By KHRISNA VIRGIL
Tribune Staff Reporter
TWO local companies have refused to do business with the Bahamas Electricity Corporation because the “cash-strapped” organisation has outstanding accounts with balances in the thousands, according to BEC Executive Chairman Leslie Miller yesterday.
According to Mr Miller, Albury’s Supply Company – which provides BEC with automotive service parts and maintenance – last week suspended the corporation’s account until payment was made. This week he said a second company did the same.
He said the corporation was drowning in a $450m debt.
Despite BEC’s poor financial position, Mr Miller said the 1,200 people employed at the corporation were still slated to receive hefty Christmas bonuses ranging from $1,200 to $3,000.
He said the corporation was looking at a ballpark figure of around $1.3m for this year’s holiday payout. Mr Miller made the revelation as a guest on Guardian Talk Radio’s “Let’s Talk Live”.
However, Mr Miller’s candid discussion during the talk show infuriated Bahamas Electrical Workers Union (BEWU) President Paul Maynard.
In an interview with The Tribune, Mr Maynard accused Mr Miller of “being childish and acting like a spoiled brat”.
This comes in the wake of continued tension between the union and Mr Miller over an industrial agreement that has not been approved. He said the BEWU was expected to visit the Department of Labour today at 11am to begin the process of obtaining a strike vote.
Meanwhile, the union remains on work to rule.
“There is no point in Mr Miller talking to me if one of my members get hurt because of him spreading people’s personal information about salaries and bonuses,” Mr Maynard said.
Mr Miller told The Tribune: “What usually happens is we have to pay Shell for fuel before we do anything else. Each month we have to ration. It’s not that we don’t have the money but every month it’s like robbing Peter to pay Paul.
“I don’t think it was that much of money owed. It was in the thousands because we usually pay every five or six weeks.”
As it stands, Mr Miller said BEC pays out $48 million in salaries annually with 25 per cent of that figure allocated to overtime pay.
“BEC employees have always been the highest paid workers in this country,” he said.
“The average salary in BEC exceeds $40,000 (per year) while the average salary in the public service is around $18,000. So the first thing you look at is where can we cut costs? Where can we make this corporation a viable entity to take the load off the backs of Bahamian people?

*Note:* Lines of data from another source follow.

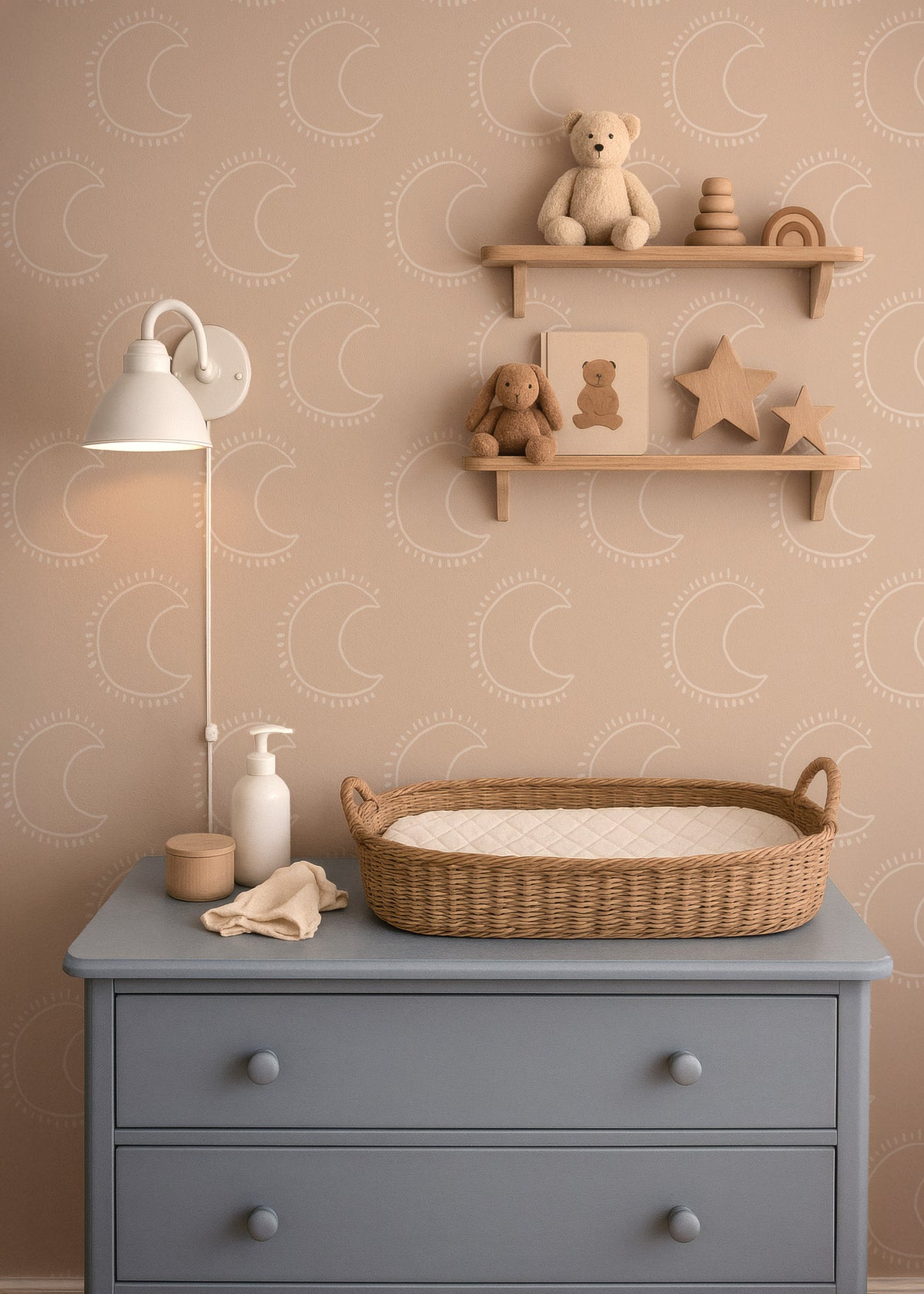 Blauwgrijze commode en houten plankjes voor Moon beige maantjesbehang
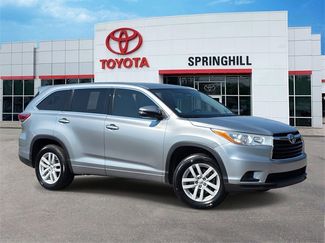 Used 2015 Toyota Highlander LE image 1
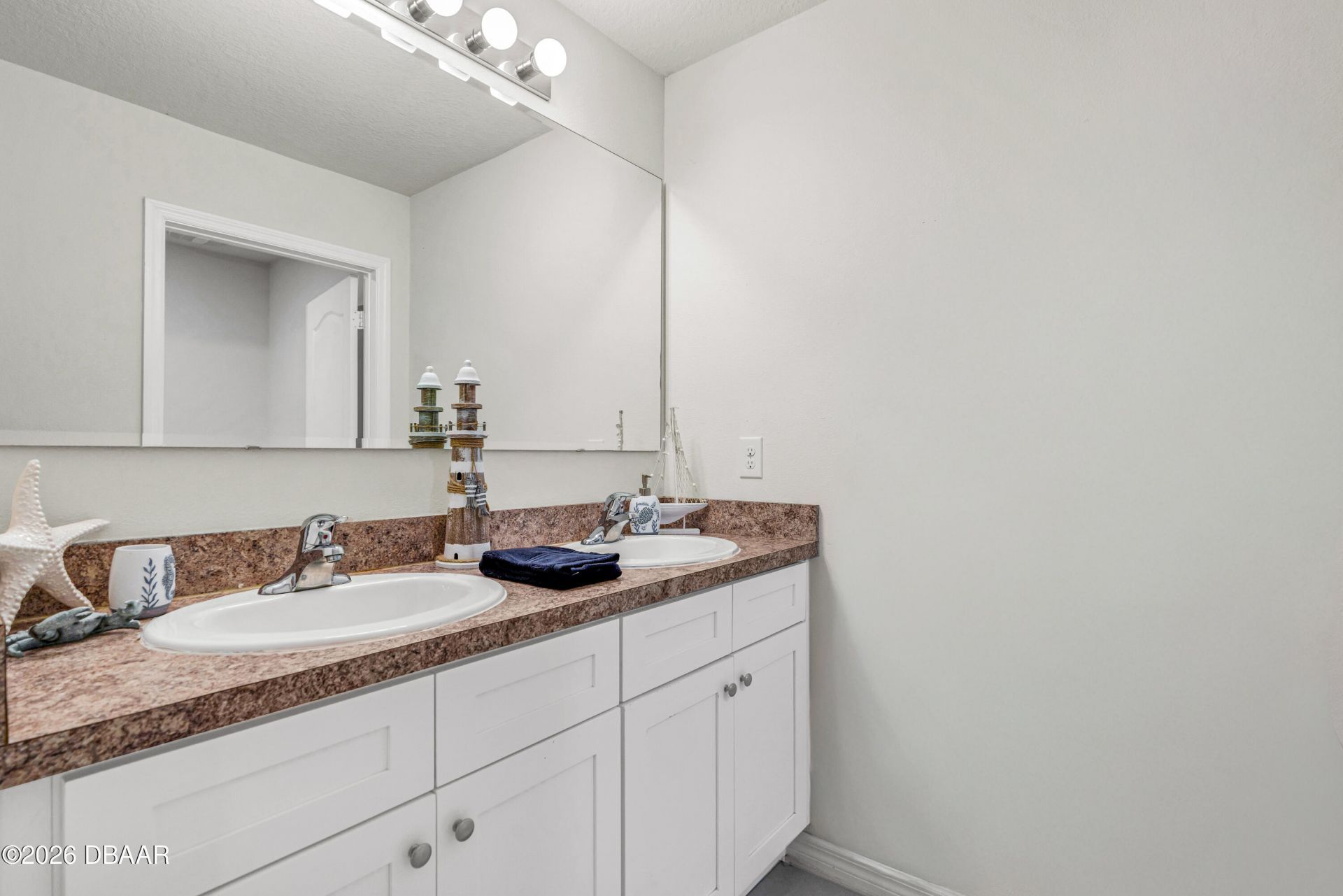 5324 Royal Plantation Boulevard, Port Orange, FL 32128 Photo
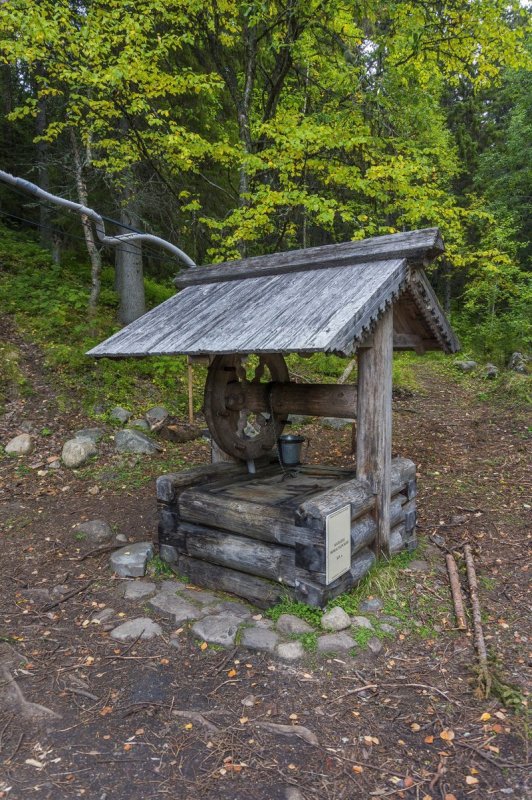 Старинный колодец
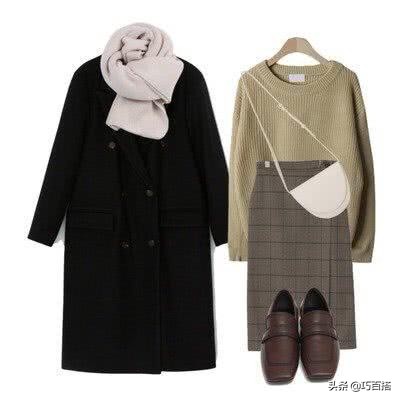 黑色中长款大棉衣穿搭高级感,黑色棉衣显瘦遮肉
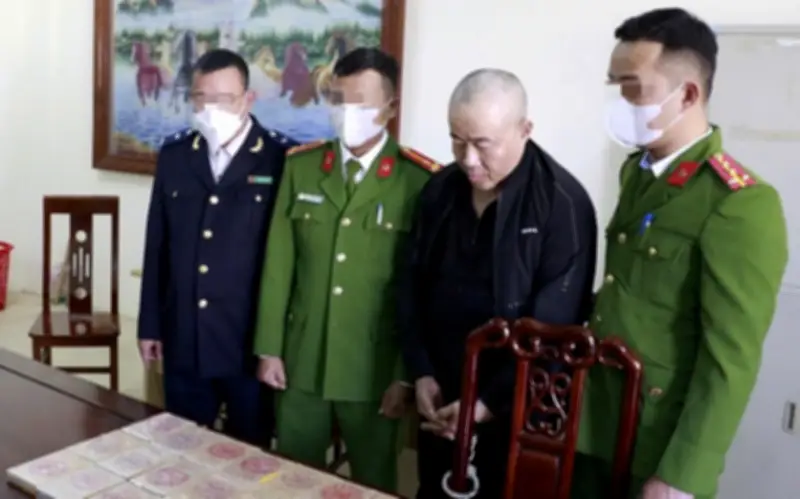 Triệt Phá Đường Dây Ma Túy Xuyên Biên Giới, Thu Giữ 22 Bánh Heroin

Four thousand of whom are (without electricity) today because they cannot pay their bills,” Mr Miller said during the show.
Mr Miller added that over the last decade, BEC has paid more than $100 million in overtime fees. He said moving forward, there were plans to reduce the payout to around $500,000 per year.
On Tuesday, around 100 BEWU members demonstrated outside BEC’s main offices and got into a heated confrontation with Mr Miller as he got out of his car.